From building scalable databases to yes -- writing emails and Slack messages -- fintech CTOs are tasked with big responsibilities. It can help when they have diverse backgrounds, building tech solutions in various industries. It even helps hone their communication skills.
Audrius Zujus: I started in consulting, so I guess I did start writing emails and Slack messages, way before Slack actually. I worked at Deloitte Digital, and I was a developer there. I worked on a lot of open banking projects, which is a similar feel to what we do, just in another industry. I had a very interesting long, winding road before ending up working on employment data. I essentially went through leaving Deloitte, starting my own VR startup that ended up not going anywhere, but I ended up selling the technology I had for one of the largest defense contractors in Europe. Then I worked in the field of defense for almost five years, primarily with simulation technologies. After a while I was ready to get back into fintech, and started contracting as a technology vp for hire. That's how I met Shmulik. We met while working online, and he had some interesting, crazy ideas that sounded way too simple at the beginning. We started building and here we are, three years later.

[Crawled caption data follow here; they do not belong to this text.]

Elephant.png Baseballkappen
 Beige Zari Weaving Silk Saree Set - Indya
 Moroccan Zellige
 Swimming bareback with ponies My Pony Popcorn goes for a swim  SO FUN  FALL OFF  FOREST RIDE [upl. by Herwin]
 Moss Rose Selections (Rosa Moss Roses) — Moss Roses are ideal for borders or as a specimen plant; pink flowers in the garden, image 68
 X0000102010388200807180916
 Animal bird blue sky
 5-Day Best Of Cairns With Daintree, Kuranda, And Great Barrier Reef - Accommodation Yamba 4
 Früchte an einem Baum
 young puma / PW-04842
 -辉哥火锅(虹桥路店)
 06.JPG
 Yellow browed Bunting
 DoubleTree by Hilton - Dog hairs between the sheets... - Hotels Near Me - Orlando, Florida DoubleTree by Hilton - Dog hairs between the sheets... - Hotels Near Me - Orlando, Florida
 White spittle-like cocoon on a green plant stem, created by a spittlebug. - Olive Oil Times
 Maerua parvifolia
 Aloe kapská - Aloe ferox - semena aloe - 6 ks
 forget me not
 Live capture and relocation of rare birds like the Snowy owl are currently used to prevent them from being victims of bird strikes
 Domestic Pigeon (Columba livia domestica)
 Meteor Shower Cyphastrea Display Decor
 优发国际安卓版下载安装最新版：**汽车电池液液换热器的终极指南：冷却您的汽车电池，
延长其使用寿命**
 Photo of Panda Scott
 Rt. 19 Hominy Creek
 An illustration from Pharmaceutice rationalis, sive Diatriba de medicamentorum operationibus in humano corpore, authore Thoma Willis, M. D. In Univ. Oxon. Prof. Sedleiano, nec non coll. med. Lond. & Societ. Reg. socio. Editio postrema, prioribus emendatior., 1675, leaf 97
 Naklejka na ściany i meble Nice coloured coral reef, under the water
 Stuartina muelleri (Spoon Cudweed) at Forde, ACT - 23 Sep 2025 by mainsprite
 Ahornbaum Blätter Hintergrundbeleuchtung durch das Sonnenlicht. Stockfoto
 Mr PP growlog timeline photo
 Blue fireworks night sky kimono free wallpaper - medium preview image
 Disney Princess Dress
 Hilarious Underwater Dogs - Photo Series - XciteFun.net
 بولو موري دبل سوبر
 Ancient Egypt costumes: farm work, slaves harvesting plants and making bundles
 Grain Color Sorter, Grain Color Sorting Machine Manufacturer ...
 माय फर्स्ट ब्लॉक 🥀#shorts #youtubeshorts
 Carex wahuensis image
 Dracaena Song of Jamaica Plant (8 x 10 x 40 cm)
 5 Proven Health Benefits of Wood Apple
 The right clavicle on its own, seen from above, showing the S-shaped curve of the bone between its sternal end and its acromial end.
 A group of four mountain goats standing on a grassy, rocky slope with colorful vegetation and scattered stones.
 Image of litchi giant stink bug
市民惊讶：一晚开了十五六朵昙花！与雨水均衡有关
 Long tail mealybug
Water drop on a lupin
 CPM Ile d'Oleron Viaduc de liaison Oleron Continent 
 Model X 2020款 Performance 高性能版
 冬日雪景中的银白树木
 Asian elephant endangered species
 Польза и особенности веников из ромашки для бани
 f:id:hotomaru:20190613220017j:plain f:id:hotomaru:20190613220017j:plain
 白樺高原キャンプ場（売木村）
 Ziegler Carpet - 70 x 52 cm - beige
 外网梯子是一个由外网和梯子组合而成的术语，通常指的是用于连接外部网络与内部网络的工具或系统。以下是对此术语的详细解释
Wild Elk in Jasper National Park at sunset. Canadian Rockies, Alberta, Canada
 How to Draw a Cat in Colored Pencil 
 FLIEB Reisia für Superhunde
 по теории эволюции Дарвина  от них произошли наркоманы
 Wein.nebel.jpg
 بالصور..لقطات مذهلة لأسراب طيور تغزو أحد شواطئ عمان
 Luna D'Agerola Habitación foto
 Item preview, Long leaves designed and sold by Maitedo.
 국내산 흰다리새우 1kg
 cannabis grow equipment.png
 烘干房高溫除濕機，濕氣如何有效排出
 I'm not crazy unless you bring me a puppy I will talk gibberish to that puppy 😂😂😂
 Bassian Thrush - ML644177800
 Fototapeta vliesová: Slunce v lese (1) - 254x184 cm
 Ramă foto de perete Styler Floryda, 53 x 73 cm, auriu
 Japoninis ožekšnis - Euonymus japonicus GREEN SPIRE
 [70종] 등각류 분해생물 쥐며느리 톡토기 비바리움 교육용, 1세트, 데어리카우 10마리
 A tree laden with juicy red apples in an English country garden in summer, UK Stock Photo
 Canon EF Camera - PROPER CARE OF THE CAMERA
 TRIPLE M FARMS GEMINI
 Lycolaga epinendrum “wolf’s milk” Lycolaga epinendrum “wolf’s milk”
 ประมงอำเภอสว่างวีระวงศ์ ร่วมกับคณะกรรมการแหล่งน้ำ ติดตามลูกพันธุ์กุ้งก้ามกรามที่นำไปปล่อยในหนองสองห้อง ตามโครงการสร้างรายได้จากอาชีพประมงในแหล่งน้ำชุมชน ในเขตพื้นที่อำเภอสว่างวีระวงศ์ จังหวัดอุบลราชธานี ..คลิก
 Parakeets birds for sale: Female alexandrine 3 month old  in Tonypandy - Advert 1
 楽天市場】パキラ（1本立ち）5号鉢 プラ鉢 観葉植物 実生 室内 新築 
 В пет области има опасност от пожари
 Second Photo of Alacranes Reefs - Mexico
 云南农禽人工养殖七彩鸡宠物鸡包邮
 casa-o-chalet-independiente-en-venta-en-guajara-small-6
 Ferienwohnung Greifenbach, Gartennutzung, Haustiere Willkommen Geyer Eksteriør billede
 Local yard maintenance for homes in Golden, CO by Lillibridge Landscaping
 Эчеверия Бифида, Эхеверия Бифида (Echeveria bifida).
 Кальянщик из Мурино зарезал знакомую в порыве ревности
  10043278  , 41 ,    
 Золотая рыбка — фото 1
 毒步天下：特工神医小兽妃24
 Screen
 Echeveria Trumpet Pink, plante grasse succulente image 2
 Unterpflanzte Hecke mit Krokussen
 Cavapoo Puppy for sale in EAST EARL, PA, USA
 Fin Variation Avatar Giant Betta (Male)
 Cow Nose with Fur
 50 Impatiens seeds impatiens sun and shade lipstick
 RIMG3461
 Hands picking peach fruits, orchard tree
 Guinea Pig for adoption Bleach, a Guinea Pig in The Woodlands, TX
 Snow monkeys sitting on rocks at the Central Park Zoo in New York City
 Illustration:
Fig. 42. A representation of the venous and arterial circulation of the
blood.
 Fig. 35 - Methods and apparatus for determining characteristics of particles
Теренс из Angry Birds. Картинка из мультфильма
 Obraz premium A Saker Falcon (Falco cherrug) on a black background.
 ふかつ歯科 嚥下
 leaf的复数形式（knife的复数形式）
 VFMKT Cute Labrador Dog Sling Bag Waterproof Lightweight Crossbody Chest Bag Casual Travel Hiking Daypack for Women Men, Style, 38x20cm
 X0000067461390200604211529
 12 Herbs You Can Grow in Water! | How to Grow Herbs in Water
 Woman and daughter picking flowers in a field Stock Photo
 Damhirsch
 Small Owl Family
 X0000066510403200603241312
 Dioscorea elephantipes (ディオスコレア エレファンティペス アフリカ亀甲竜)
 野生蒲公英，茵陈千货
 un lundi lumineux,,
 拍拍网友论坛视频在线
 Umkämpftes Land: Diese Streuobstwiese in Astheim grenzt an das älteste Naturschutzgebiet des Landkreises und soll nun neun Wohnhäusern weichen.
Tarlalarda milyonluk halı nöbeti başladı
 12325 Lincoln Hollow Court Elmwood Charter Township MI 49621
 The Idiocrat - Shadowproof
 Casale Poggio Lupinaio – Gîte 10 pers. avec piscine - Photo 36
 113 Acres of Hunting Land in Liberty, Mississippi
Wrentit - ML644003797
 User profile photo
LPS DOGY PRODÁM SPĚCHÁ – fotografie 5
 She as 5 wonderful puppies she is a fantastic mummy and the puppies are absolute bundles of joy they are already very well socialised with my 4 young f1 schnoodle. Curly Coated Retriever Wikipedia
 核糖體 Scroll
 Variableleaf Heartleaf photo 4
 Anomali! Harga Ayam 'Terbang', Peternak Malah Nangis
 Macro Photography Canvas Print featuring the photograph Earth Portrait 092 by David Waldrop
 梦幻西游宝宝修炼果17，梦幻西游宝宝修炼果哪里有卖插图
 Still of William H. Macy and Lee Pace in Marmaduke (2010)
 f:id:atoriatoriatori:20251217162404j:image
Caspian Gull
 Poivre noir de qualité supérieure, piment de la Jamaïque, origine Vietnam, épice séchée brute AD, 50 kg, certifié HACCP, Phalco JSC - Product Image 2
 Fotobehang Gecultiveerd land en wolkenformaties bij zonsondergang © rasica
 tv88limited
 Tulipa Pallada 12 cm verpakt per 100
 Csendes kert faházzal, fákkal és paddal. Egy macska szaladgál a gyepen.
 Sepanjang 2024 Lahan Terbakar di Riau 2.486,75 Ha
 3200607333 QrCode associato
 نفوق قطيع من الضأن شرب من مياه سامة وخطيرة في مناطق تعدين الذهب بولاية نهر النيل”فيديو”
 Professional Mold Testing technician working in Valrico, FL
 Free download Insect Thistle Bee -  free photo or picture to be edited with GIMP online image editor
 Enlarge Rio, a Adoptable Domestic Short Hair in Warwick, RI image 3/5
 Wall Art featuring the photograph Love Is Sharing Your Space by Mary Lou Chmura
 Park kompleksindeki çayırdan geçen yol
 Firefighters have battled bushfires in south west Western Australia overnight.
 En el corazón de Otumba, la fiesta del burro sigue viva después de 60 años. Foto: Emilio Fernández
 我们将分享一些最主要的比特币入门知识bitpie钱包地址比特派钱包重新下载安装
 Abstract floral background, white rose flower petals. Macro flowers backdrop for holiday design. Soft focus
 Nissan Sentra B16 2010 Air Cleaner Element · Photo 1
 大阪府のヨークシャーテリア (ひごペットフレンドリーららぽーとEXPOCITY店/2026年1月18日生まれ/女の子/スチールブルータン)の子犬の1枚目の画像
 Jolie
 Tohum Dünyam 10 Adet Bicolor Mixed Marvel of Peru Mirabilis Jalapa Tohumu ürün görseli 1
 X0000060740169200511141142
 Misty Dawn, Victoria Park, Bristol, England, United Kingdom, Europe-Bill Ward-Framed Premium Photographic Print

It’s not uncommon for tech professionals to move back and forth between various industries. That’s Audrius’ story with defense contracting. It makes sense. Some of the same skill sets and technologies -- like big data and aggregating data across various sources -- are employed in both industries. Some of the same challenges exist, too.
Audrius Zujus: There's actually a surprising number of people that went back and forth between defense and fintech. If you look at the history of those two fields, they're somewhat intertwined. For myself, in my experience in Deloitte with open banking and all the other digital banking sectors, it was actually something I enjoyed. And one of the things I missed in the defense sector was the speed at which things are going. It's a very interesting area of work, however it is at times pretty slow and outdated -- product life cycles are counted in decades or more. I really missed that fast-moving environment, and here I got what I wanted -- we ended up needing to build something that's really fast-moving.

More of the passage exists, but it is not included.